Sin embargo, esos sacrificios no dejaban de ser animales o vegetales.
Jesús hoy dice: “El que come mi carne y bebe mi sangre, permanece en mí y yo en él.” Ya no son necesarios los sacrificios de animales o vegetales, porque Jesús mismo se hizo sacrificio y víctima de comunión entre Dios y los hombres.
Y acá nos encontramos con un nombre y dos frutos del Sacramento de la Eucaristía: la comunión.
La Eucaristía, presencia real, sacramental de Jesucristo en la Iglesia, se llama también comunión, porque realiza y manifiesta la comunión entre Dios y los fieles, y de los cristianos entre sí.
Jesús se hace alimento para que vivamos la unión íntima con él y la unidad entre nosotros, para poder amar como él, servir como él, perdonar como él. ¡Qué difícil se les hace a aquellos hermanos que no pueden recibir la Sagrada Comunión! ¡Y qué difícil aquellos que, recibiéndola, no somos capaces de dar los frutos que el Señor espera que demos!
La presencia sacramental de Cristo en la Eucaristía, por medio de la comunión, se vuelve permanencia en el alma del cristiano, y promesa de vivir para siempre con el Señor.
Podemos decir que cada vez que comulgamos nos convertimos en “sagrarios vivientes”, pero no para guardarnos a Jesús para nosotros, sino para imitarlo viviendo para los demás: para llevarlo como María.

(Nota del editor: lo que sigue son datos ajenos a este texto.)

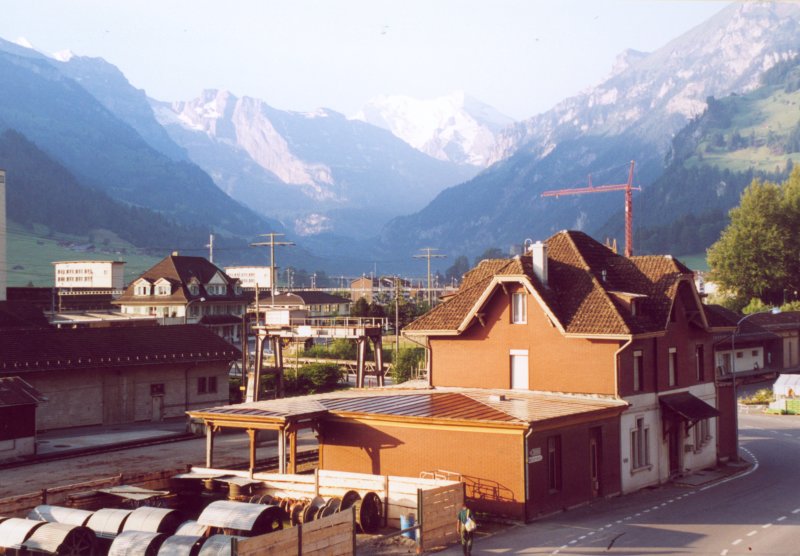 800 - 30-6-00 5-24 Frutigen 13A.jpg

Algunas preguntas para ayudarnos:
¿Creo de verdad lo que recibo en la Eucaristía? ¿Creo de verdad que lo que se me proclama es la Palabra de Dios? ¿Creo de verdad que al acercarme a la Mesa de los hijos, estoy comiendo a Jesucristo bajo las humildes apariencias del pan y del vino?
¿Cómo vivo mi comunión con Cristo? En todo mi ser: en mis pensamientos, palabras, acciones, criterios, sentimientos, etc. ¿Me hago uno con él?
¿Cómo vivo mi comunión con los demás, especialmente con los hermanos? ¿Estoy atento a ser uno con ellos?
El jueves pasado celebramos la asunción de María al Cielo. La Madre de Dios es la Madre de la Iglesia: toda del Señor y toda de los hombres. En ella se cumple lo que Jesús nos promete: que permanece siempre en nosotros. Que la Virgen Ssma. nos ayude a vivir una profunda comunión con Dios y con los hermanos.